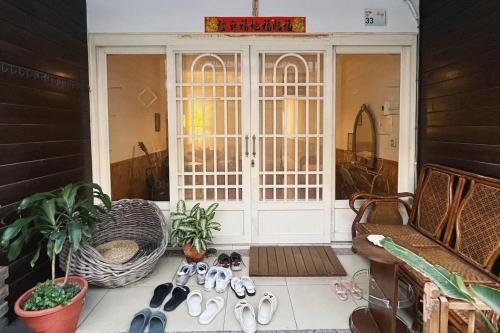 a group of shoes sitting in front of a door at Back to spring BnB in Hengchun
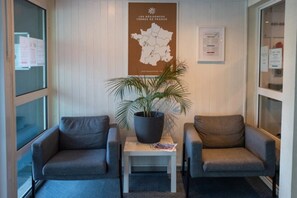 A reception area with two grey armchairs, a table with a potted plant, a map on the wall, and a window with a view. - Appartement 2 étoiles - ccbgff0 (Brest)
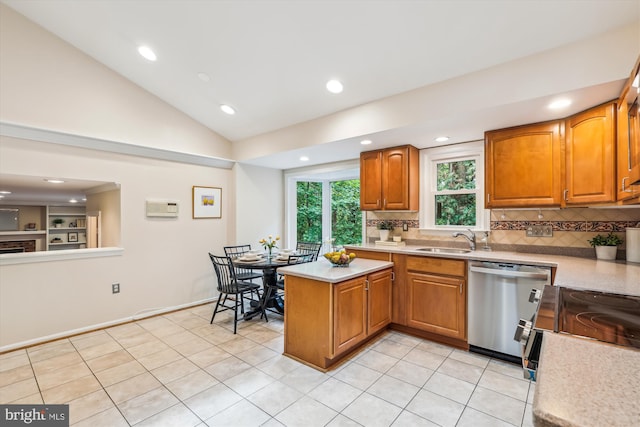2032 Franklin Cluster Ct, Falls Church, VA 22043 - kitchen featuring dishwasher, a sink, light countertops, tasteful backsplash, and lofted ceiling
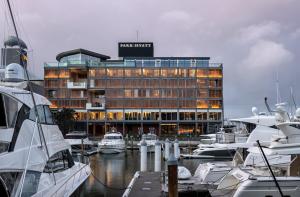 a hotel with boats docked in front of a marina at Park Hyatt Auckland in Auckland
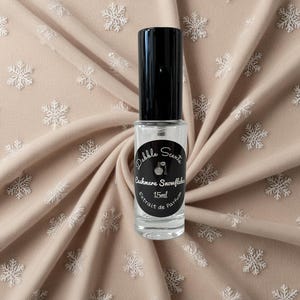 May include: A clear glass bottle of perfume with a black cap and label. The label reads "Dabble Scents Cashmere Snowflake 15ml Extrait de Parfum".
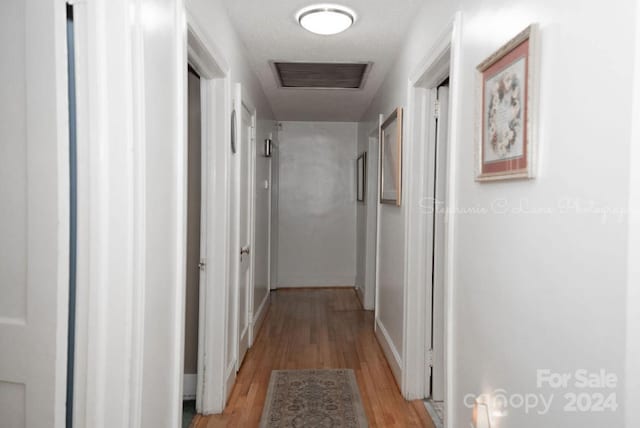 corridor with visible vents and light wood-style flooring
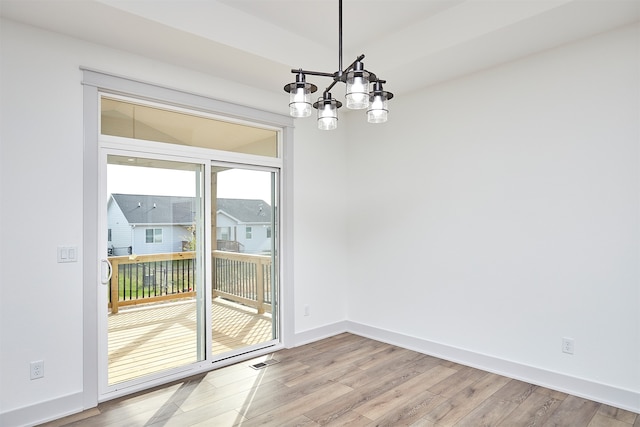 unfurnished dining area featuring light hardwood / wood-style floors and a chandelier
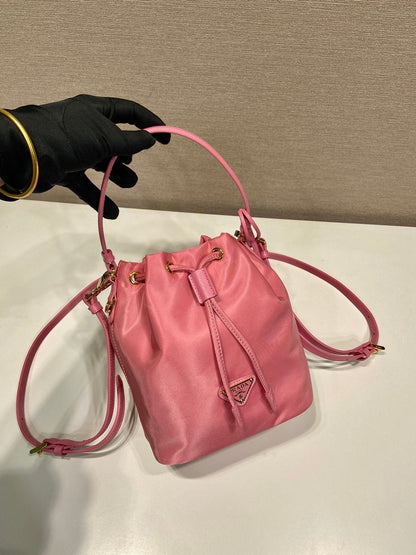 BUCKET BAG 19 IN CANDY PINK RE-NYLON AND SAFFIANO LEATHER HANDLE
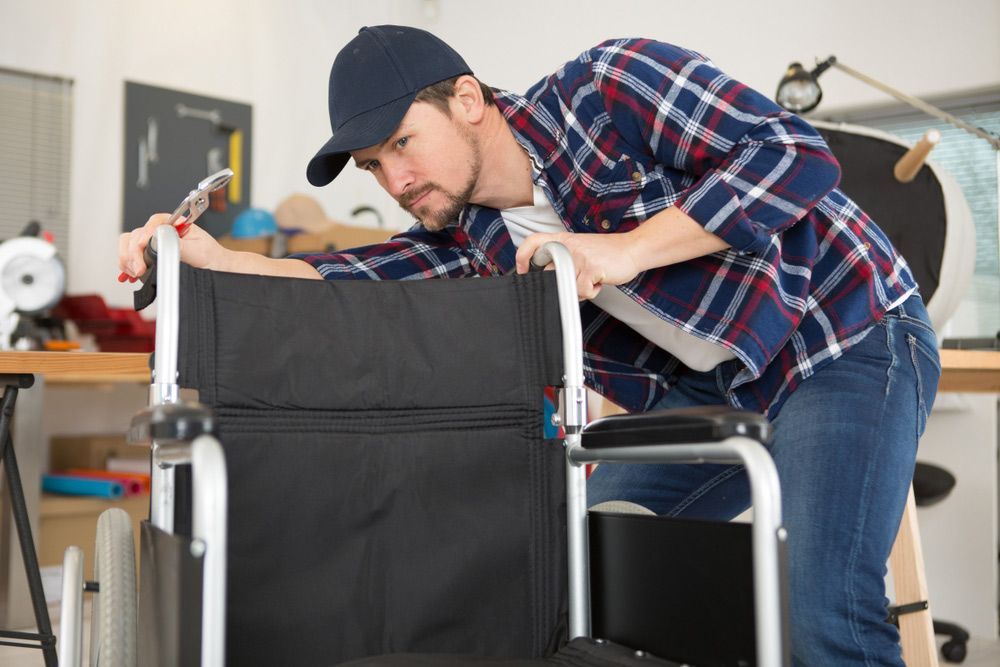 Man in a cap and flannel shirt using pliers to repair a manual wheelchair 
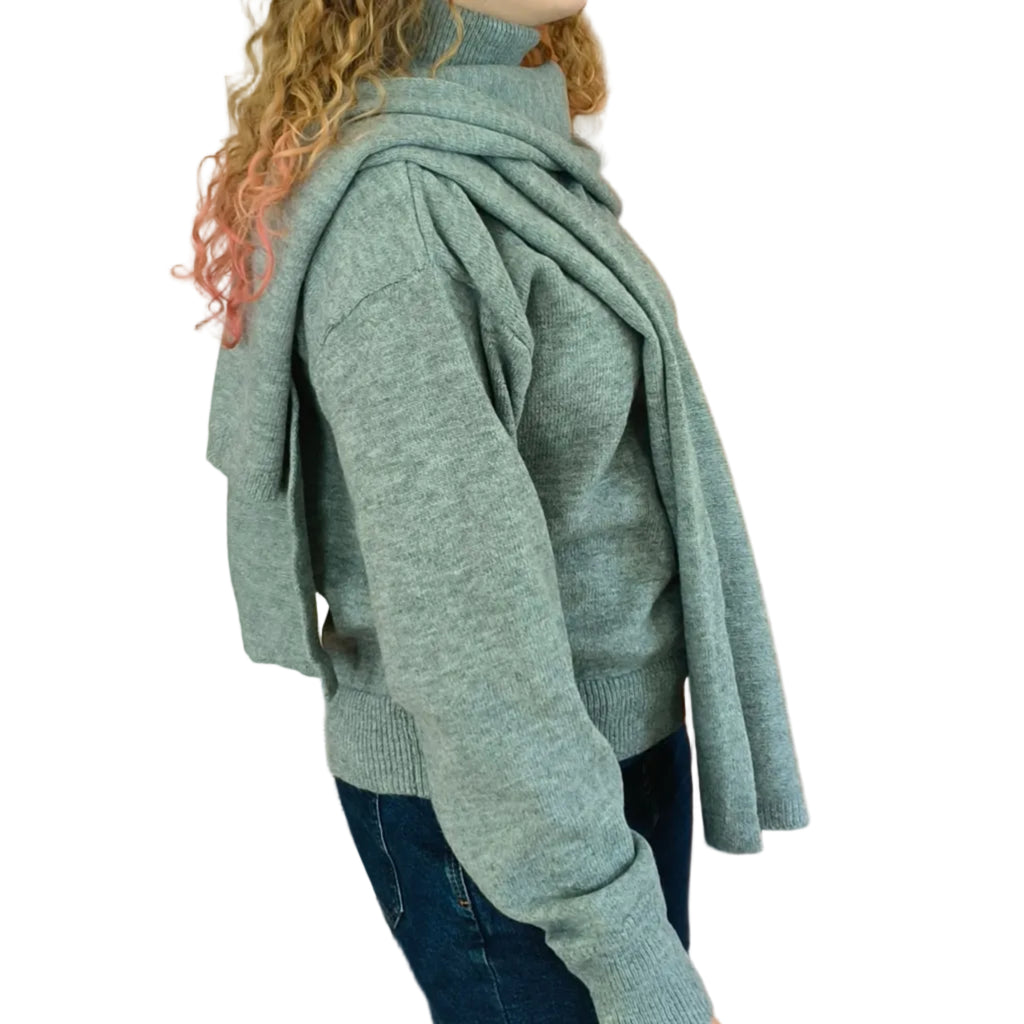Woman wearing a grey turtleneck knit with matching cape shawl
++++++++++++++++++++
* TASK PROMPT *
Your copy should hold the lines from the one with "2032 Franklin Cluster" up to and including the one with "unfurnished dining area", exactly as in the data above, and no pictures.

* RESPONSE BELOW *
2032 Franklin Cluster Ct, Falls Church, VA 22043 - kitchen featuring dishwasher, a sink, light countertops, tasteful backsplash, and lofted ceiling
 a hotel with boats docked in front of a marina at Park Hyatt Auckland in Auckland
 May include: A clear glass bottle of perfume with a black cap and label. The label reads "Dabble Scents Cashmere Snowflake 15ml Extrait de Parfum".
 corridor with visible vents and light wood-style flooring
 unfurnished dining area featuring light hardwood / wood-style floors and a chandelier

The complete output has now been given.